• **What is being asked**
Would you print out all of the data exactly and keep the pictures out of it?

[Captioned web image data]
- - -

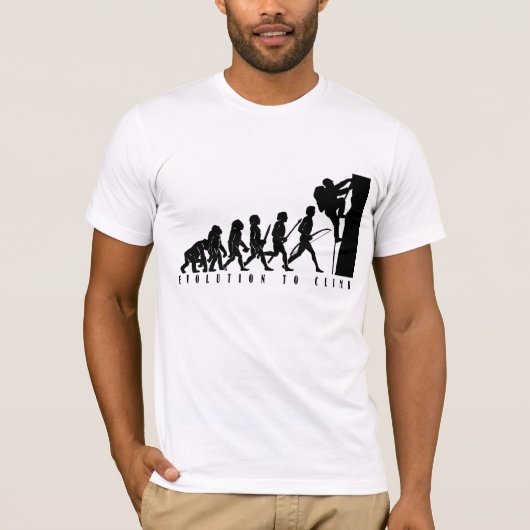 Evolutie om te klimmen t-shirt (Voorkant)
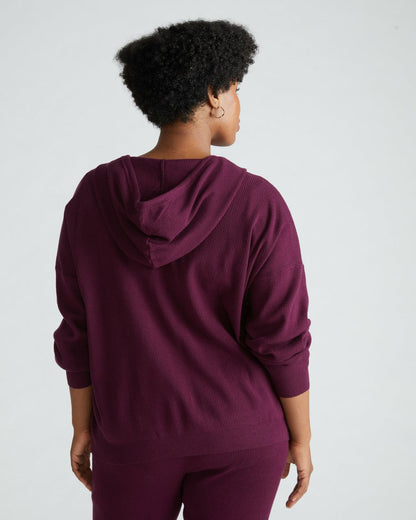 Universal Standard Knitted Mila Zip Hoodie - Acai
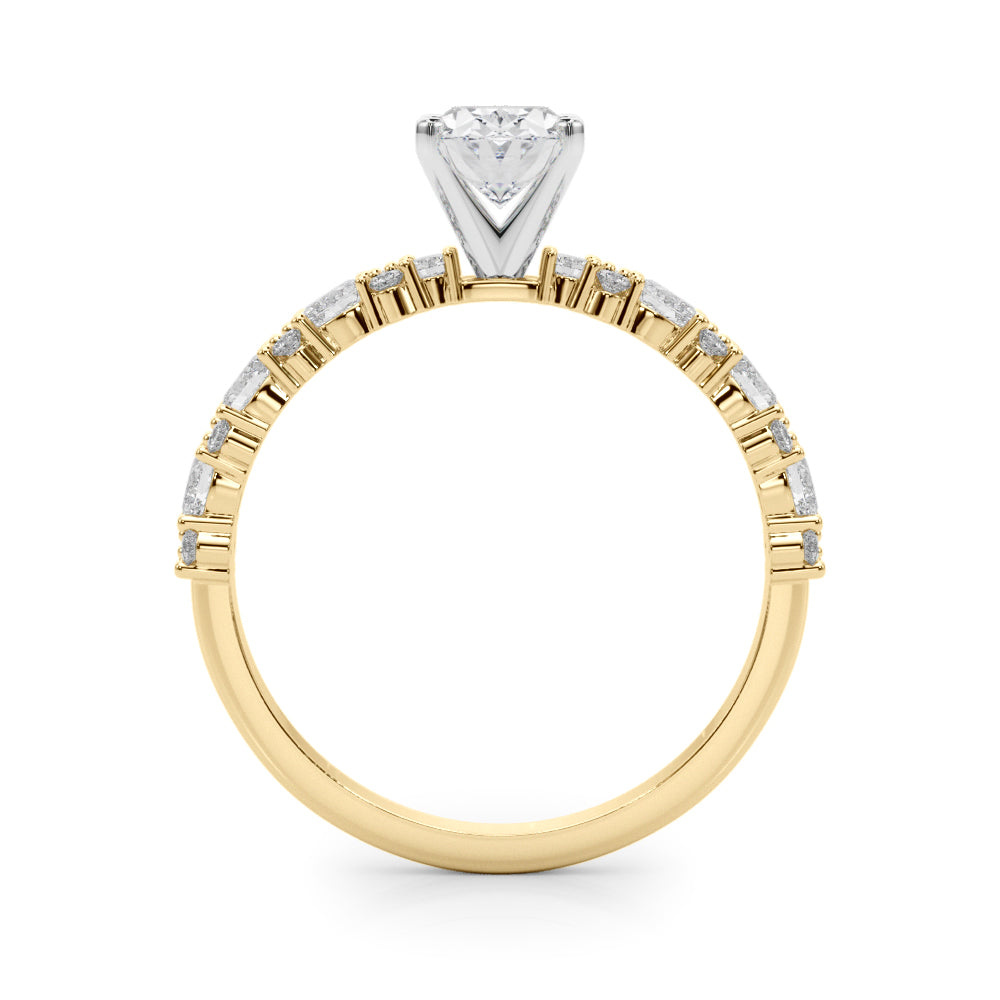 Yellow gold Oval Solitaire with Side Stones, Pave Band, Four-Prong Setting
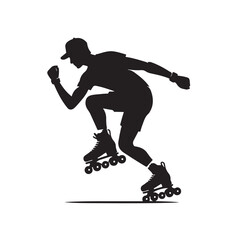 Obraz premium roller skating pose silhouette vector illustration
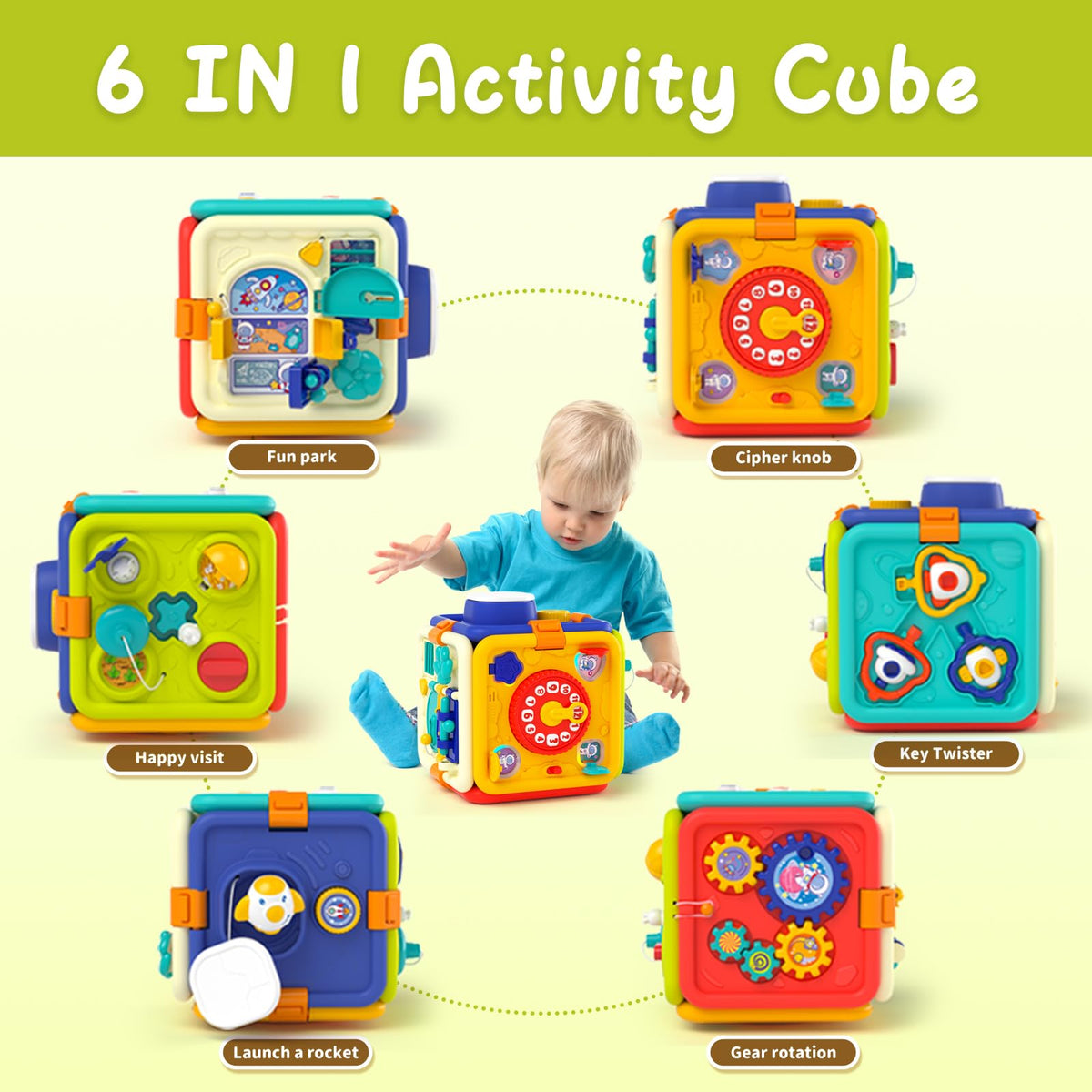 HAYXUN Busy Board 6-in-1 Montessori Toy for Toddlers 1–4 | Sensory & Fine Motor Development
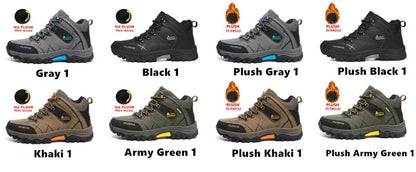 Botas de nieve de invierno para hombre, impermeables, de cuero, muy cálidas, para exteriores, senderismo, trabajo, talla 39-47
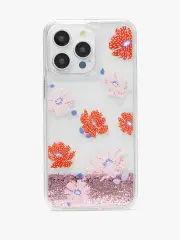 Dotty Floral Liquid Glitter iPhone 15 Pro Max Case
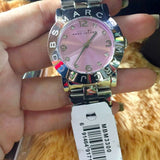 Marc Jacobs Amy Life Pink Dial Silver Steel Strap Watch for Women - MBM3300 Buy Now By Marc Jacobs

- - -

• **Your solution**
 Evolutie om te klimmen t-shirt (Voorkant)
 Universal Standard Knitted Mila Zip Hoodie - Acai
 Yellow gold Oval Solitaire with Side Stones, Pave Band, Four-Prong Setting
 Obraz premium roller skating pose silhouette vector illustration
 HAYXUN Busy Board 6-in-1 Montessori Toy for Toddlers 1–4 | Sensory & Fine Motor Development
 Botas de nieve de invierno para hombre, impermeables, de cuero, muy cálidas, para exteriores, senderismo, trabajo, talla 39-47
 Dotty Floral Liquid Glitter iPhone 15 Pro Max Case
 Marc Jacobs Amy Life Pink Dial Silver Steel Strap Watch for Women - MBM3300 Buy Now By Marc Jacobs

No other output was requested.